Chinoiserie Landscape 1987–2017 – Tony Clark
At Murray White Room a series of small oil paintings, some postcard-sized, depict the same two forms: crooked trees and Japanese pagoda-like structures in unearthly spaces. Australian artist Tony Clark used to paint more straightforward landscapes, but something happened around 1988, and his works began to feature haunting forms, nature in vivid colours and shadowy architecture in the palette of a ’70s science fiction book cover. The earliest paintings here show these forms set against a camouflage pattern. The most recent work is a diptych in which the landscape appears to have been shattered, giving it a mosaic appearance. It’s a rich theme and he’s returned to it time and again across 30 years.

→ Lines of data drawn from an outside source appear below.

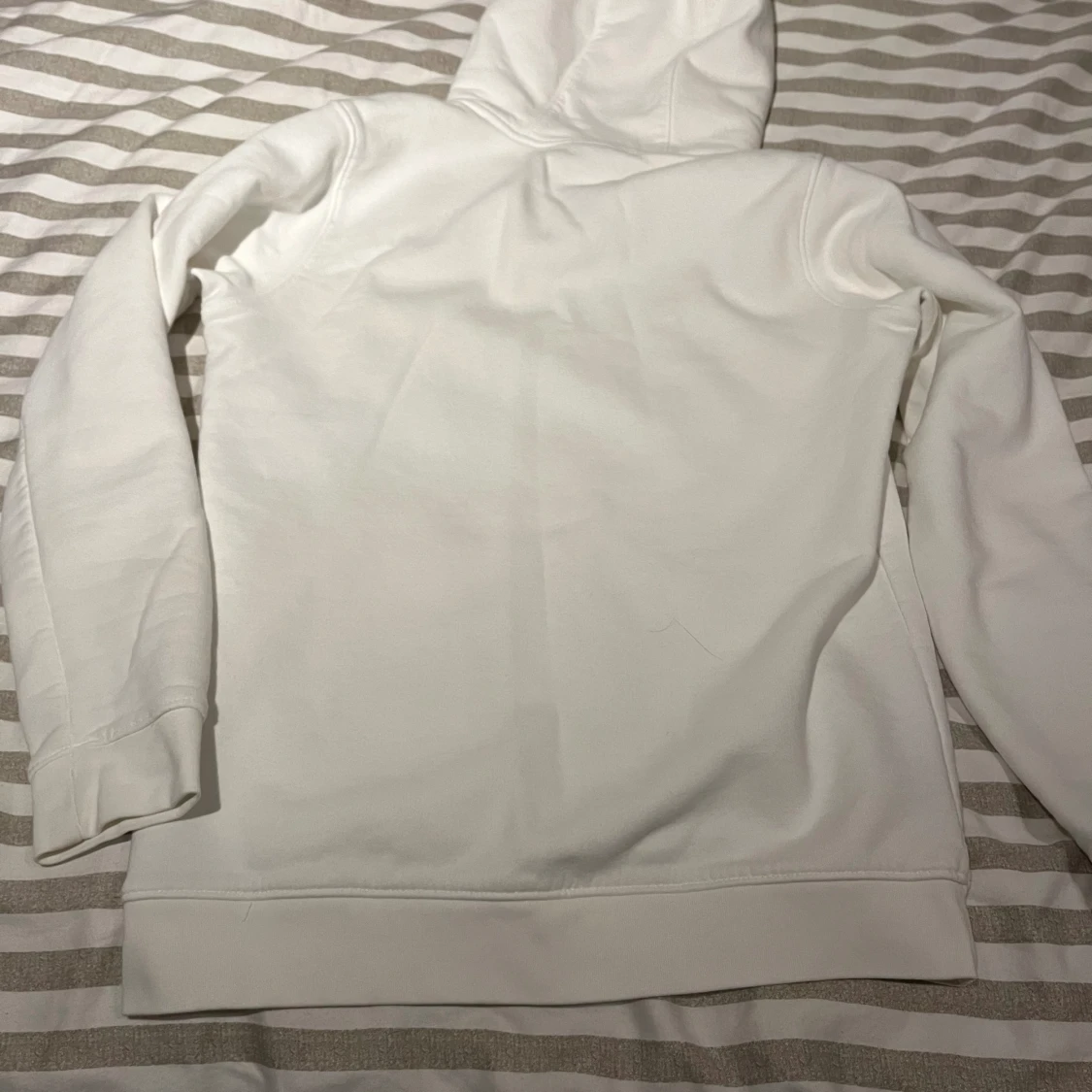Hoodie - 90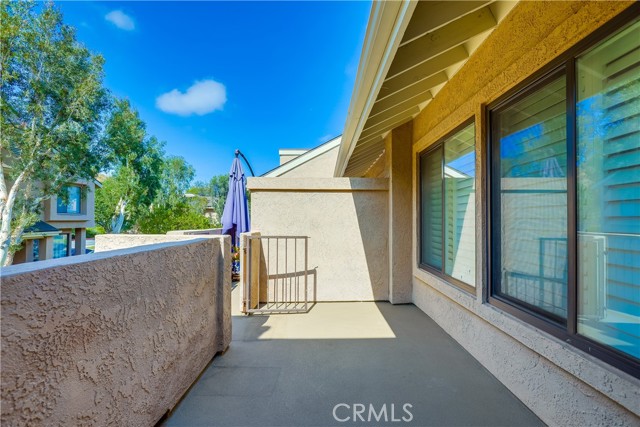 Detail Gallery Image 7 of 47 For 155 N Singingwood St #34,  Orange,  CA 92869 - 2 Beds | 2 Baths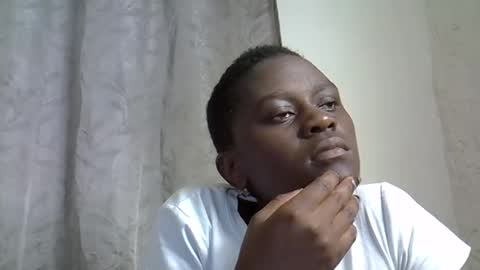 Snapshot of afronubians_ chatting on 04/02/26, 08:39 pink and josphen online show from 04/02/26, 08:39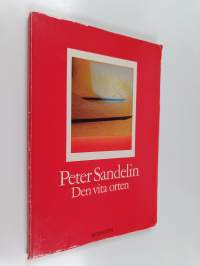 Den vita orten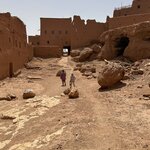 Photo taken by Tom B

Chinoiserie Landscape 1987–2017 is at Murray White Room until March 29
Resist Laughter – Alana Holmberg
In 2014 the deputy prime minister of Turkey, Bülent Arınç, declared that women “should not laugh in public”. The women of Turkey wasted no time doing the opposite, flooding social media with #direnkahkaha (“resist laughter”). Melbourne-based photographer Alana Holmberg was fascinated by this conservative moment in modern-day Turkey and travelled there to document women’s lives during the period. Each candid portrait in this show is accompanied by a revealing interview transcript, in which feminism is dismissed as a Western luxury. How do you fight for equality when you’re fighting for your life?
Resist Laughter is at The Lost Ones, Ballarat, until April 1.
Mutlu Cerkez: 1988–2065 – Mutlu Cerkez
This is the first survey exhibition of the curious and challenging work of the late Turkish Cypriot Australian artist Mutlu Cerkez, and it covers the past and future (more on that later) of his practice. It’s an extremely varied selection. His realist oil paintings find subjects in people, architecture and cracked pavement. Transcriptions of Led Zeppelin stage banter from shows in 1969 have been converted into typography-based dot-matrix printouts. There’s a small beehive in one corner; the insects crawl over one another and down through a tube littered with their dead. In another corner a guitar body with the date 25 March 2038 painted on it hangs from the ceiling. You’ll see a lot of these future dates, including in the show’s title. Each piece has two dates – the second is when Cerkez planned to recreate the work. Though he died in 2005, his work carries on through the potential of all his unmade pieces.
Mutlu Cerkez: 1988–2065 is at MUMA until April 14.
Blushed – Natalie Tirant
Melbourne photographer Natalie Tirant turns the human body into sculpture with her lens. Her images are wonderfully irreverent and arresting – all curve and fold, pink and white. Limbs and more are recognisably human, but stripped of faces and hands, torsos, legs and arms take on identities of their own. There are two distinct series here: in Blushed, two bodies linger – in tandem or apart – in a room of crumpled paper and fabric. Images in Interference are close-ups of flesh meeting flesh with a hint of hair or a skin crease or blemish.
Blushed is at Tinning Street until March 18.
Theatre Stills – Stuart Ringholt
Melbourne-based Stuart Ringholt made these 51 collages in Tuscany last year mostly using Italian print media from the 1960s and 1970s. And while Italian imagery cuts through every layer they’re made without a hint of Tuscan sun. Pages of Italian text are collaged with largely monochrome images of landscapes, comics, classical art and architecture with the occasional incident of warm colour. Ringholt calls these pieces “Theatre Stills” because he sees them as “unrealised dramas”. They’re absurd, arcane and a little violent; they are tableaux of gothic horror.
Theatre Stills is at Neon Parc until April 7.